# First Seminar



## DancingCavy (Feb 19, 2001)

This weekend was Risa's first seminar (I went to an agility one in December so it was my second). I was so excited to be able to spend an entire weekend working with Ris but also a bit nervous. She's still a bit worried in new places, afraid of people, and reactive around other dogs (due to fear). Overall, she did wonderfully!!!

She was definately stressed and worried and spent a lot of time wandering, sniffing, and looking at everything going on around her. However, once I got her attention and she realized it was time to work, she did very well. She excelled at the attention game (we work on this all the time) and the presenter (Andrea Dugan) used Ris as a demo for it.

Aside from her growling at other dogs near her kennel, she was very well-behaved while she was in it. She didn't even roll it over! On Saturday I left to go to the bathroom and accidentally left the zipper partway open. She didn't leave her kennel. Sunday I did it again and she bolted and came looking for me. I think it was because someone sat in my chair and Ris got worried. Not a big deal. As soon as I came to her she followed me back to her kennel and went back inside.

It was so nice to be able to work around so many dogs (about 16 in total) and people in a new place. Considering how worried Ris still is in situations like this, she did amazingly well. She gave other dogs 'the eye' a few times but that was about as far as it went. She did growl and snarl at a dog while she was on my lap which meant she had to go back in her kennel. Otherwise, she did really well. I'm so proud of her. She's come so far in the short time we've been together even though she's still pretty nervous and scared a lot of the time. I'm so proud of my girly.





































We also made the paper.


----------



## Amaruq (Aug 29, 2001)

WTG Risa!!! Sounds like you two had a great weekend!

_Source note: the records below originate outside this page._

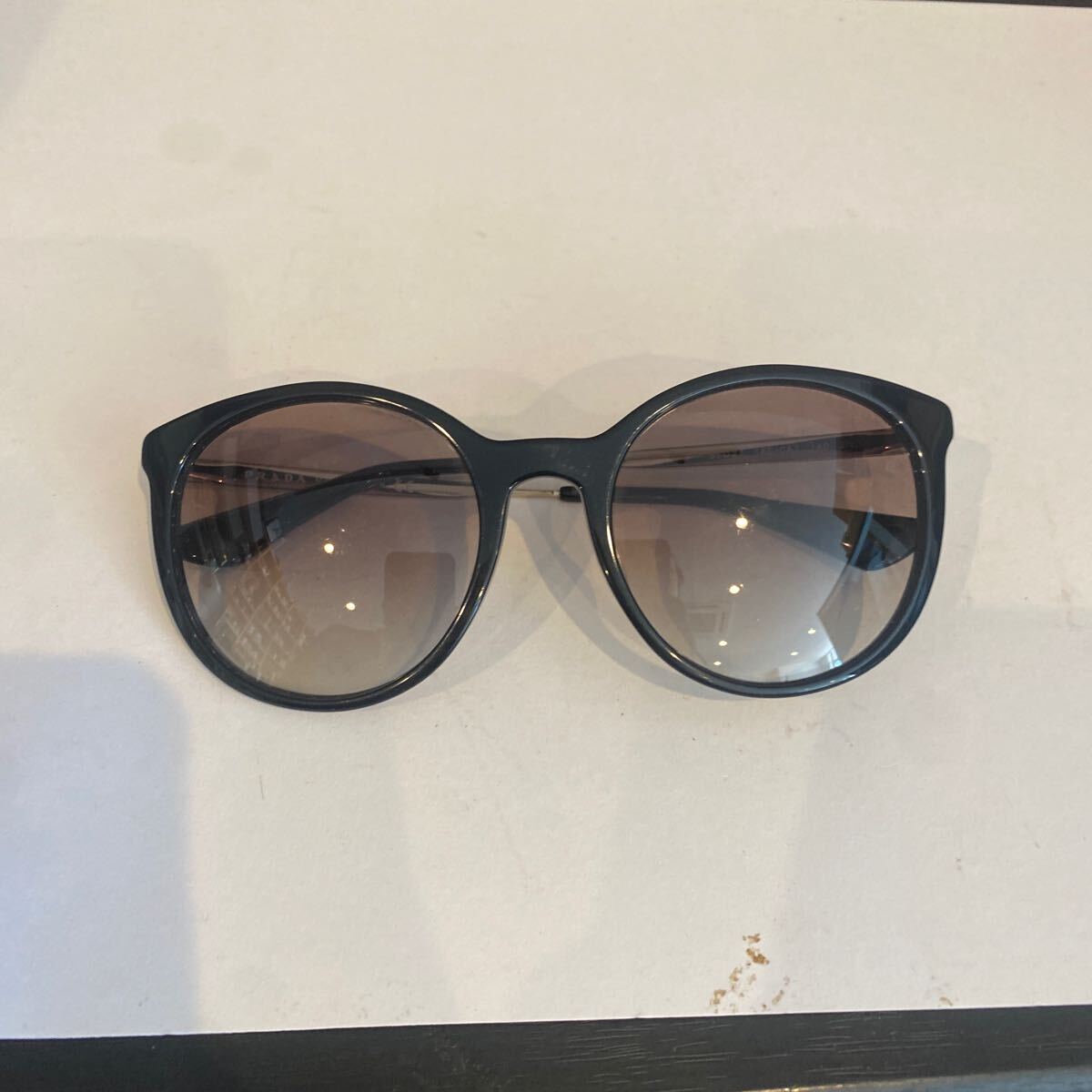 PRADA プラダ　 サングラス　55口21 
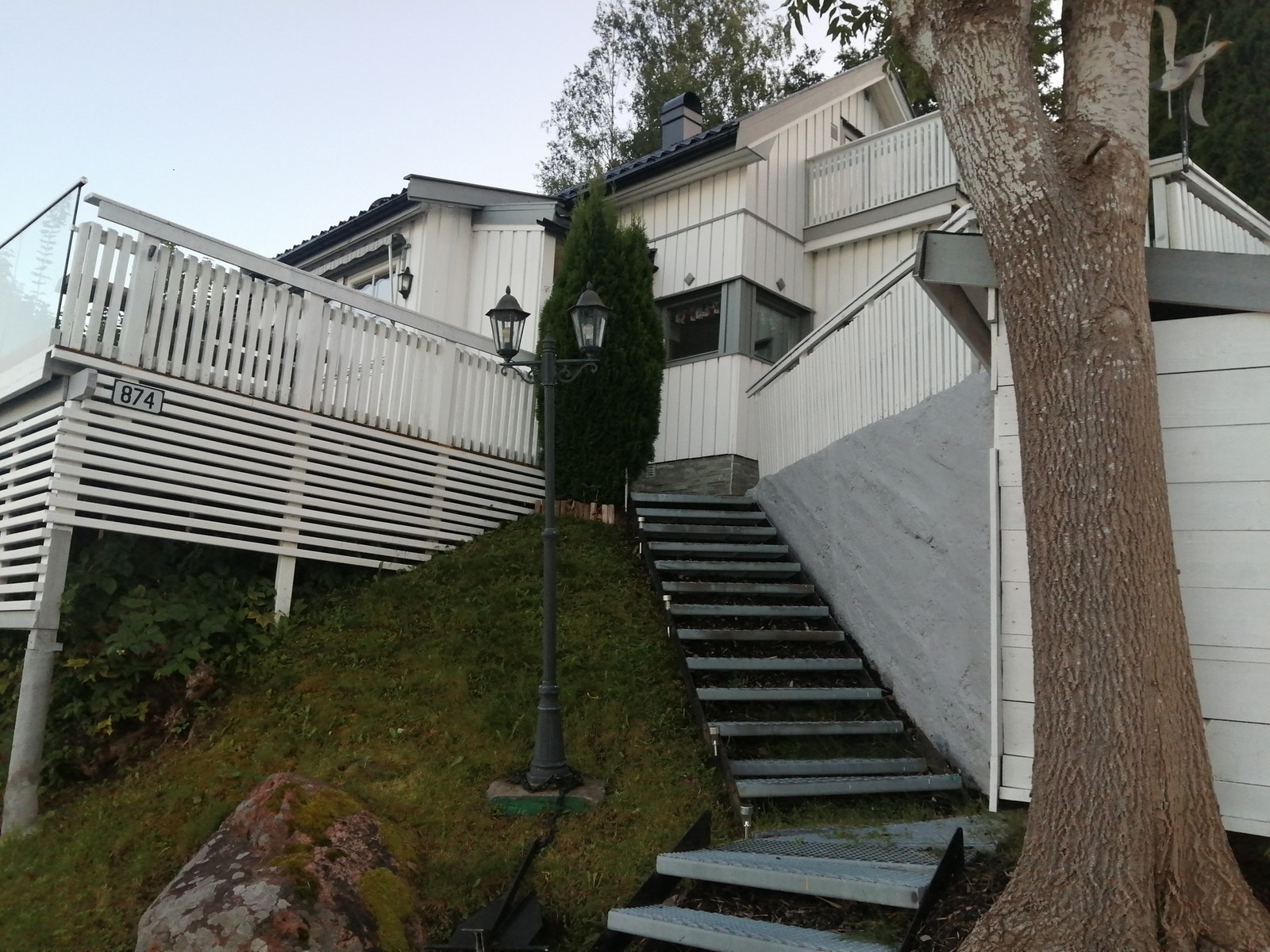 Alu.Trapp fra sti opp til huset. Galleribilde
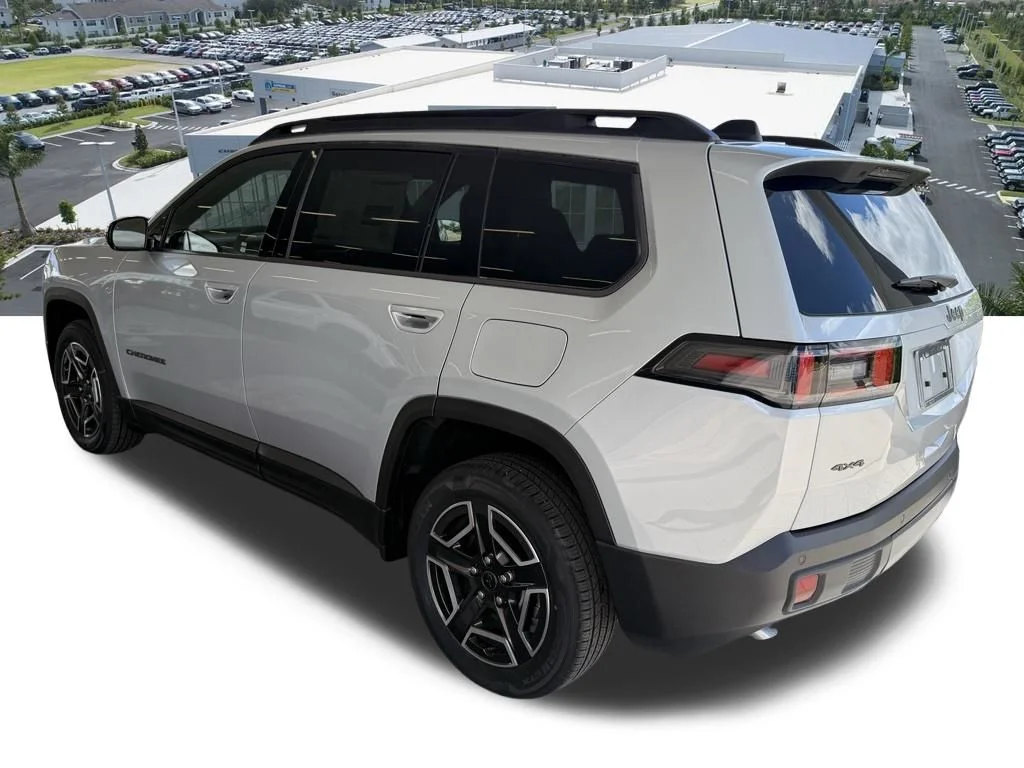 New 2026 Silver Zynith Clear-Coat Exterior Paint Jeep Laredo image 6
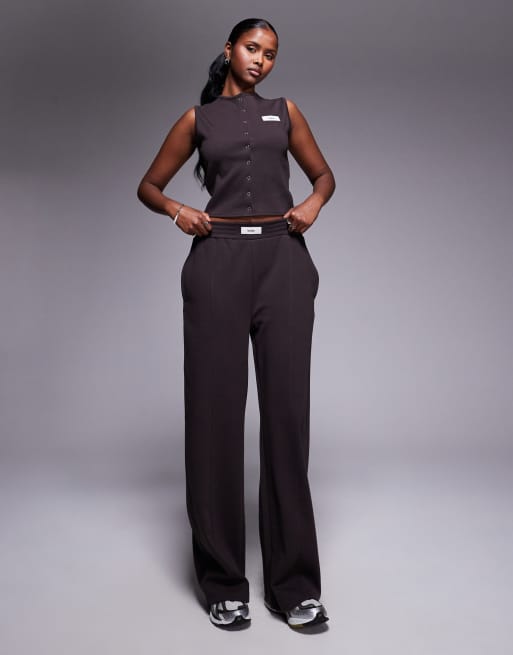 Kaiia ribbed tank top logo detail waistband wide leg pants set in chocolate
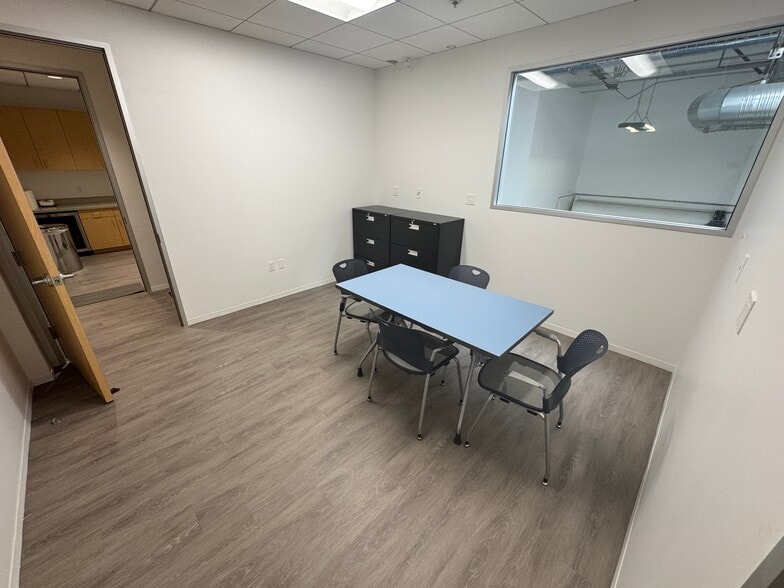 More Photos Of 59 Peters Canyon Rd, Irvine Research And Development For Sale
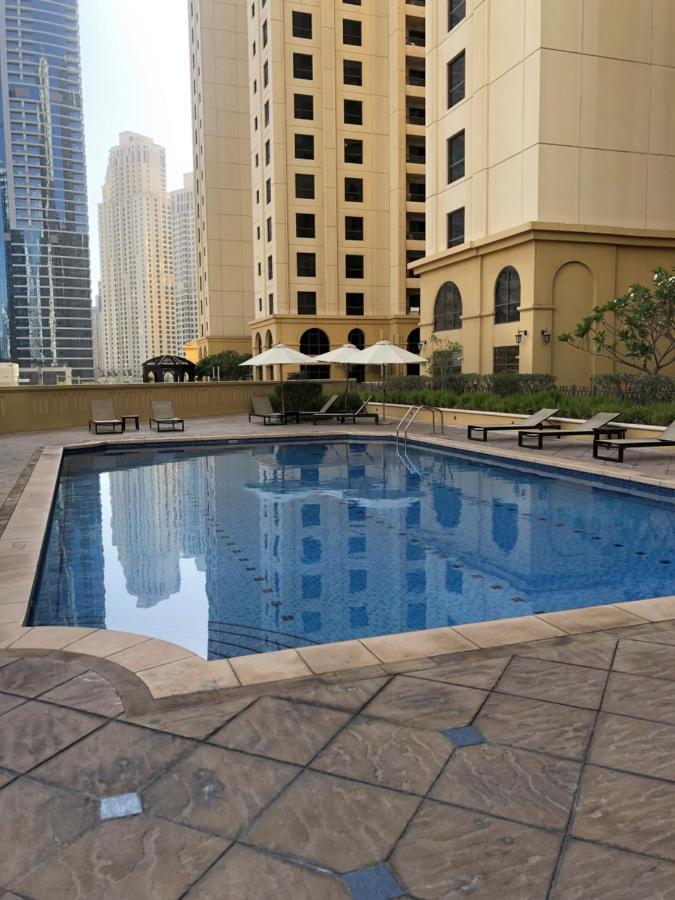 Luxury Waterfront Apartment With Beach Access Dubai Exterior photo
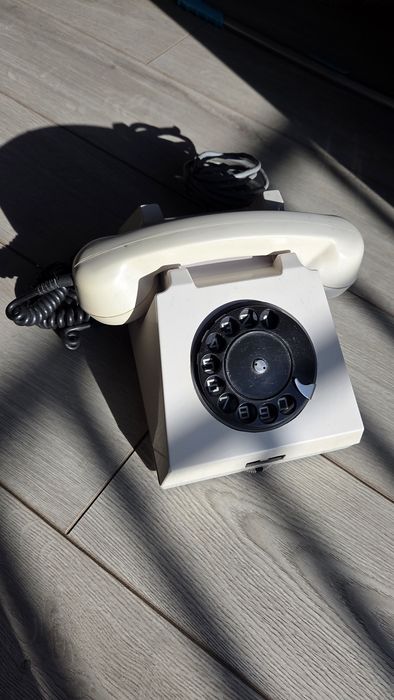 Telefon fix vintage din epoca comunistă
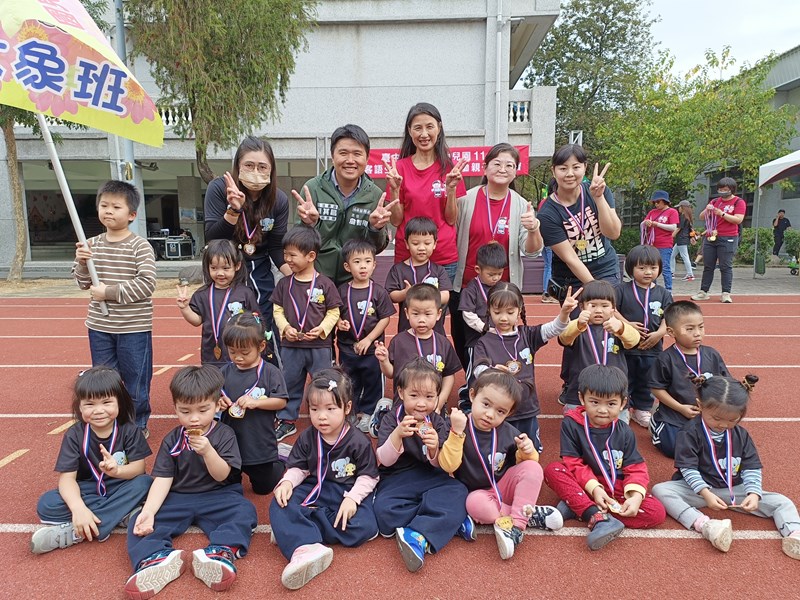 大象班頒獎團照1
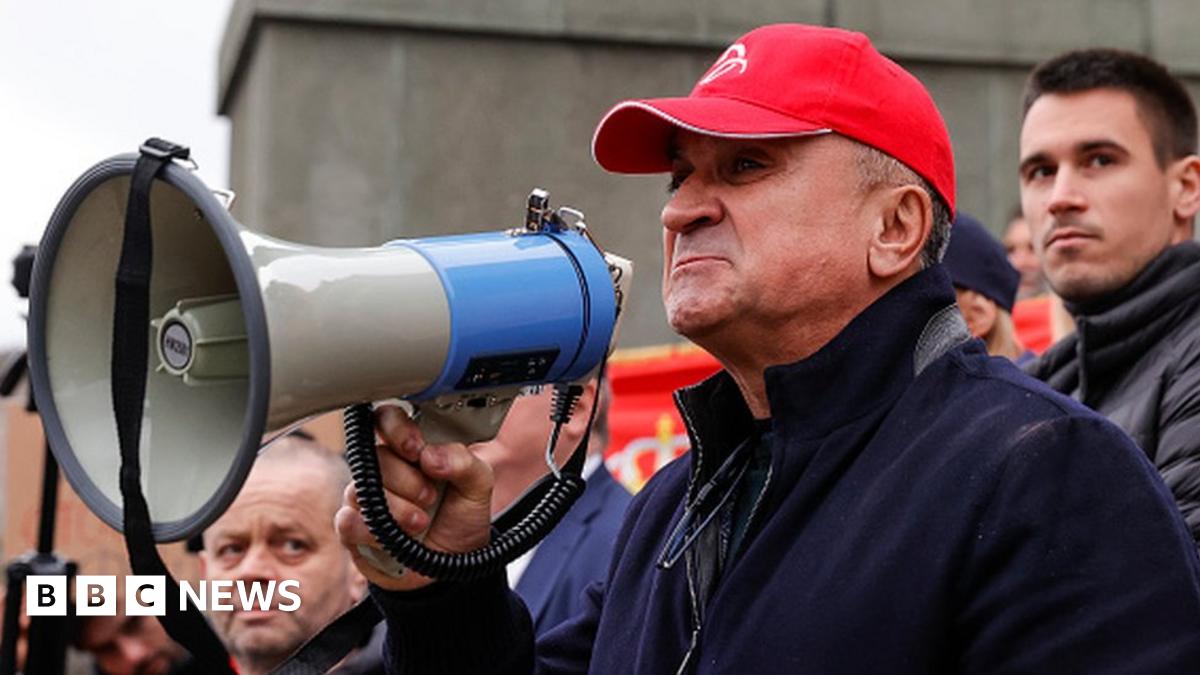 Novak Djokovic: Serbs seethe over tennis hero's entry ban - BBC News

BTW Jamie when she escaped was she trailing or airscenting you?


----------



## tibvixie101 (Nov 26, 2007)

Good Girl Risa! She's making great progress!!


----------



## DancingCavy (Feb 19, 2001)

LOL, Ruq. Y'know, I'm not sure which she was doing. I heard a commotion in the main room about a dog being loose and I was on the opposite side of a 'bar' (in the kitchen) getting my sandwich together when I saw her walking down the hallway towards the exit. My brain instantly thought "That's my dog!" and I came out of the kitchen got her and sent her back to her kennel. Her nose wasn't on the floor so, if she was scenting at all, I don't think she was trailing.

It didn't take her long to realize the routine of the seminar either. Work a bit then back to the kennel. Once she practically dragged me in with her as I hadn't unhooked her leash as she went in.







As the seminar went on, I started asking her to go kennel from farther away and she did just that without stopping and sniffing.


----------



## Keeyah (Apr 24, 2007)

Well done Risa! She made the paper? Can I have an autograph!


----------



## kelso (Jan 22, 2007)

Risa and Jamie!


----------



## DancingCavy (Feb 19, 2001)

Thanks guys!!!

Ris says you can have her 'paw'tograph:


----------



## sklippstein (Apr 10, 2008)

good job to the both of you!


----------